▼
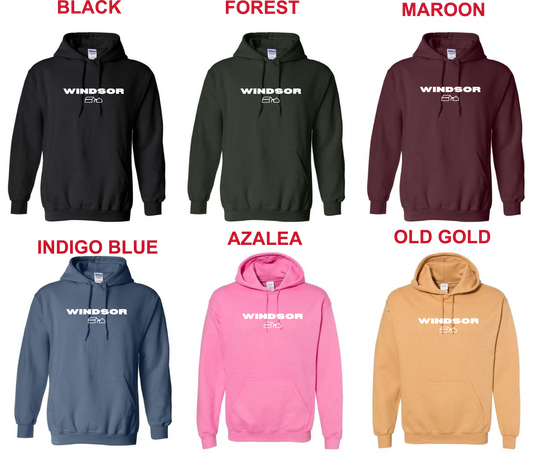 WA- (Church Icon) Gildan Hoodie 18500 (ADULT)
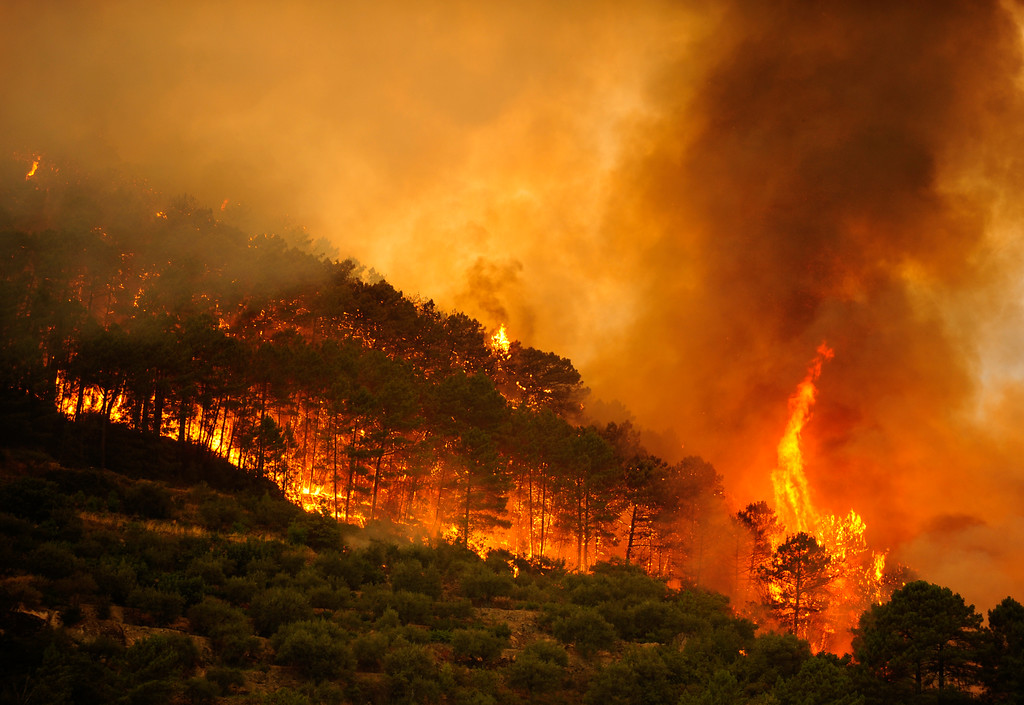 Incendios forestais en 2017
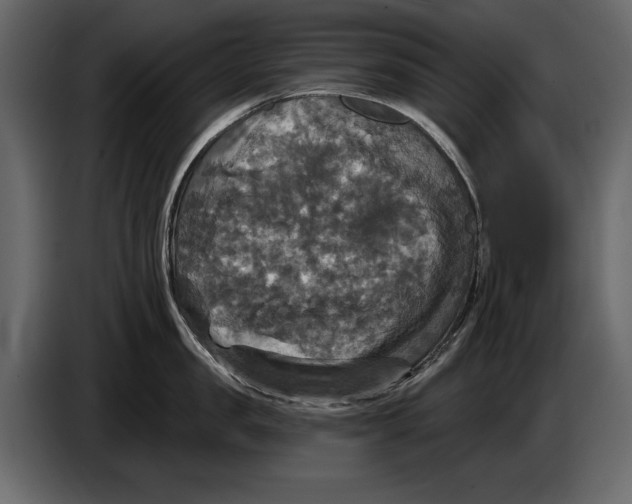 X0000084560957200703231756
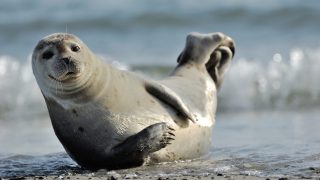 seal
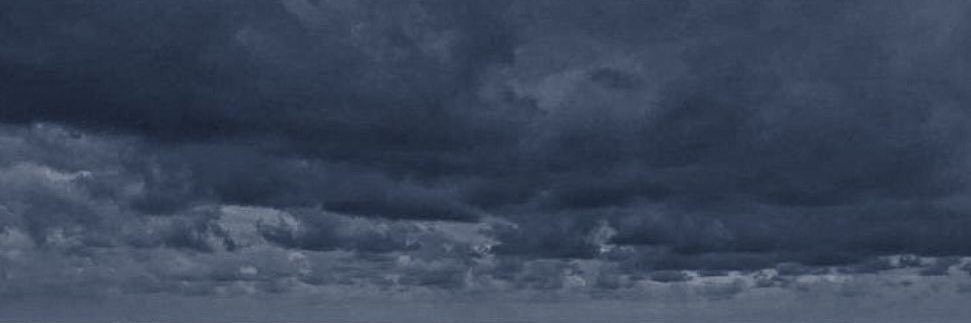len banner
▲
- Work instructions -
Beginning with the line in which "Incendios forestais en 2017" appears, repeat exactly each line down to the close of the material, leaving every picture out.

- Exercise solution -
 Incendios forestais en 2017
 X0000084560957200703231756
 seal
len banner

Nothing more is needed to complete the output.